The best you can do is disenfranchising anything less than the majority's opinion.

I think the current US model works well. Free speech, unless it's going to lead to immediate harm and such.

Anything more than that is a step into authoritarianism, and where I fear we're headed. The private sector has already tried to be said arbiters, so it's interesting to see where this ends up.




What you claim to be impossible is in fact routinely and successfuly done. Because the point of hate speech bans is not at all to police opinions, it's about making sure everyone can live in peace no matter what opinion anyone holds.

Looking at your example for the point of view of the German criminal code, section 130 (https://www.gesetze-im-internet.de/englisch_stgb/englisch_st...):

* believing that God is real, and the Bible is real, and homosexuals are sinners is completely outside the scope of the law, since it only concerns speech, not beliefs.

* saying "God is real, and the Bible is real, and homosexuals are sinners" is also not affected (this is dogma of the Roman Catholic Church, frequently stated in public) because no matter whether you believe it to be true or not, it does not imply anyone should do anything in particular, and thus does not affect the public peace.

* saying "God hates homosexuals and they will burn in hell", still the same, what God does in hell is outside the scope of the law.

* saying "Every god-fearing man should do god's will and kill homosexuals on sight" in public in front of a crowd - BEEEP, BEEP, BEEP, we got ourselves a statement suited to causing a disturbance of the public peace, go to jail for between three months and five years.

* saying "People should not let homosexuals into their homes" - not affected, whom people let into your private homes is not a matter of public peace.

* saying "Companies should not employ homosexuals" - again not affected for the same reason, although companies who actually refuse to employ homosexuals would be in violation of an entirely different (anti-discrimination) law.

So you see: it's not actually that difficult.

> I think the current US model works well.

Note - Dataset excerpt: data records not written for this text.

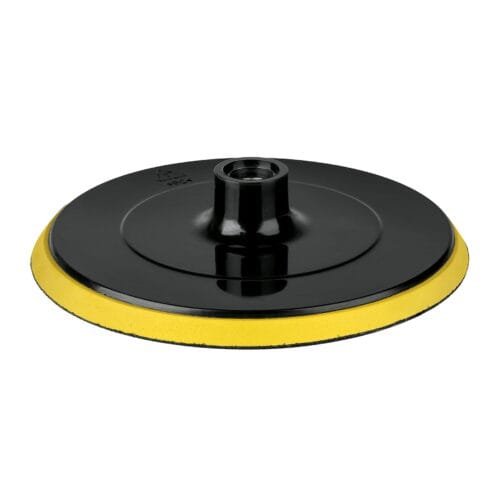 101537 - Respaldo de 7" hook and loop para pulidoras, eje 5/8",TRUPER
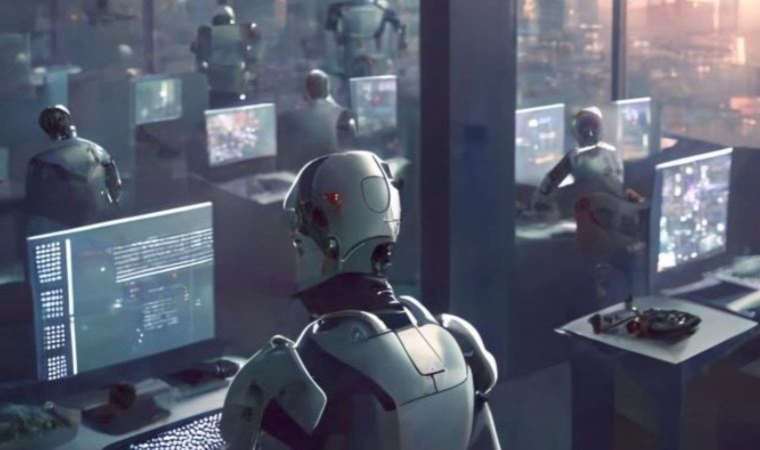 Sohbet robotlarında kullanılan dil modellerinin politik görüşleri var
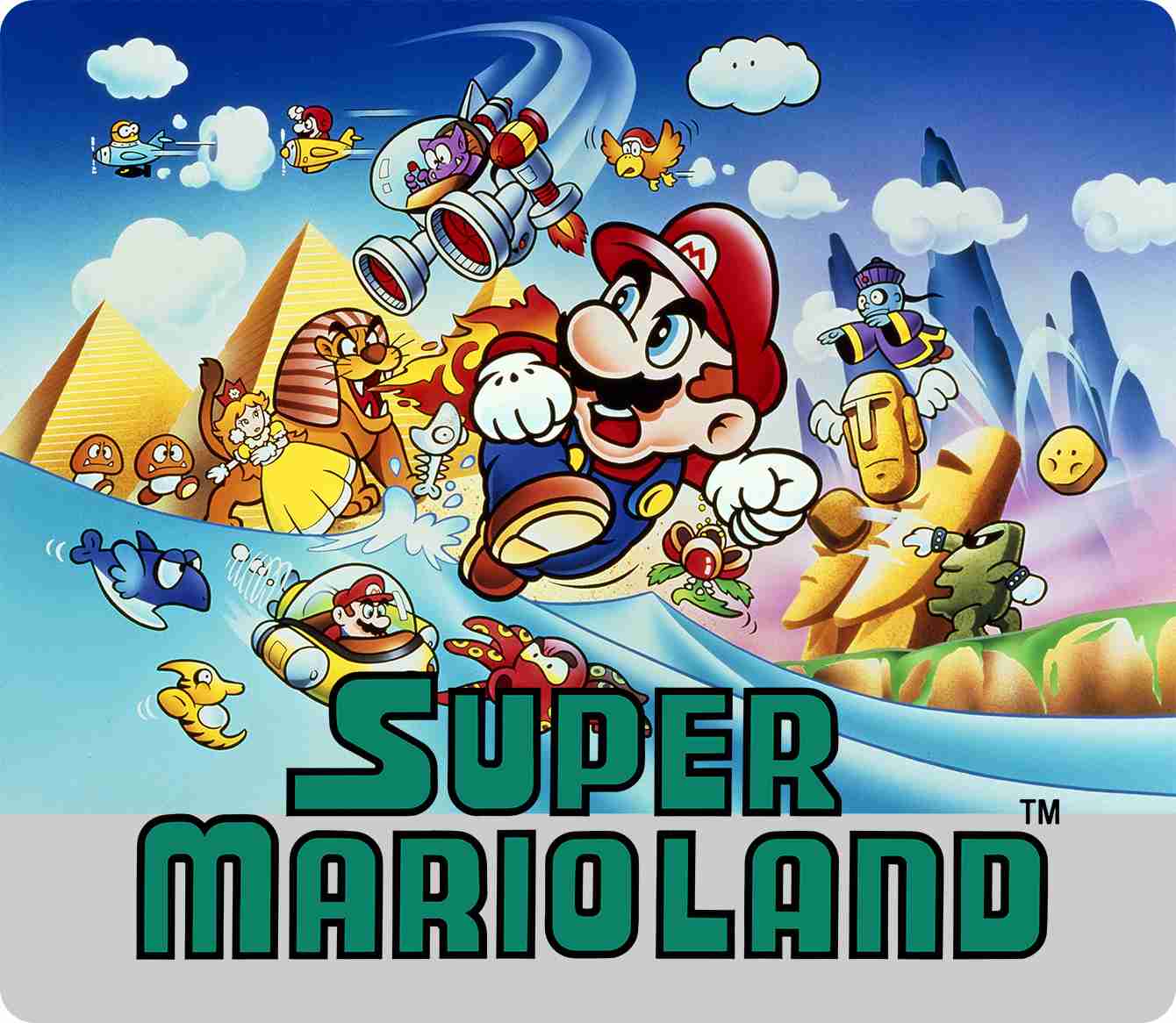 ゲームボーイの思い出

Free speech, unless it's going to lead to immediate harm and such. Anything more than that is a step into authoritarianism

This is a lovely example of status quo bias.


Yeah but all of those things said that you say are apparently okay can lead to declining mental health in gay individuals, who eventually kill themselves after years or decades of mental abuse.


I'm not saying those things are "okay", they are just not something that's appropriate to handle via criminal law.